Gazouilloire provides a multi-index mode for this purpose: the data is stored month by month in separate elasticsearch indices that you can export in csv format and then delete as you go. You can set the time period during which an index remains active. For example, if you set this period to 1 month, gazouilloire will continue to update the number of likes and retweets received by past tweets during a month, as well as trace the conversations that happened during the past month. Older tweets will no longer be updated. This way, you can safely erase "inactive" indices without compromising the functioning of gazouilloire.

Start the collection in multi-index mode

To start your collection in multi-index mode, open the config.json file and set "multi_index" to true. Choose the number of past active months by changing the value of nb_past_months. If you leave the value at 0, gazouilloire will use 12 months as the default.

The maximum value is 12 months.

Check out space occupation

To find out about the size (in GB and in number of tweets) of each index, you can use the gazou status -l command. You can also ask about one specific index by typing gazou status -i 2022-02 (if you want to know the volume of tweets posted in February 2022). To obtain the list of inactive indices (and their size), type gazou status -i inactive. These indices can be safely exported in csv format, and then deleted.

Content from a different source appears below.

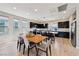 Open-concept living space with dining and kitchen area with an island and modern decor at 8042 Misty Canyon Ave, Las Vegas, NV 89113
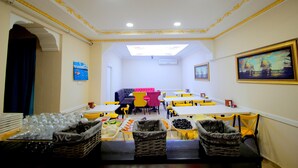 A dining area with tables and chairs, a buffet with food items, and a ceiling with decorative moldings. - Grand FM Hotel (Istanbul)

During the first {nb_past_months} months of your collection, there will be no inactive index. You will receive an error message if you try to query gazou status with the "-i inactive" parameter.

Resolve urls

Before exporting, you may want to resolve redirected urls for the inactive indices only:

gazou resolve -i inactive

Export and delete indices

To export and delete inactive indices:

gazou export -i inactive
gazou close -d -i inactive

To export and delete specific indices (for example January and February 2022):

gazou export -i 2022-02,2022-01
gazou close -d -i 2022-02,2022-01

On very large indices, elasticsearch is sometimes quite slow to export data. Using the --step parameter can speed up the process:

 gazou export --step hours

Automatic csv export

We recommand to program automatic exports of the last inactive index every month using cronjobs. In order to do so, we propose a monthly_archive.sh script, which you can install in your corpus directory doing the following:

gazou scripts monthly_archive.sh

Usecases and cronjobs examples are proposed as comments at the top of the script. You can also consult them by doing:

gazou scripts --info monthly_archive.sh

Can I switch a corpus from mono-index to multi-index or reciprocally?

Yes, but the past data (mono or multi-index) is then ignored by gazouilloire (for now). There may be duplicate tweets between the past data and the current index/indices.

To switch from one mode to the other, update the config.json file with the new configuration ("multi_index": false/true) and restart gazouilloire (gazou restart).

If you need to export and/or delete data from the previous index type, you can always change the config.json file back to its previous state. Then use gazou export/gazou close, and re-update the config file when you are done. It is recommended to stop the collection (gazou stop) during these operations.

Warning: the gazou reset command is designed to completely clear the disk in one command. If you use it, all existing indices (mono-index and multi-index) will be cleared.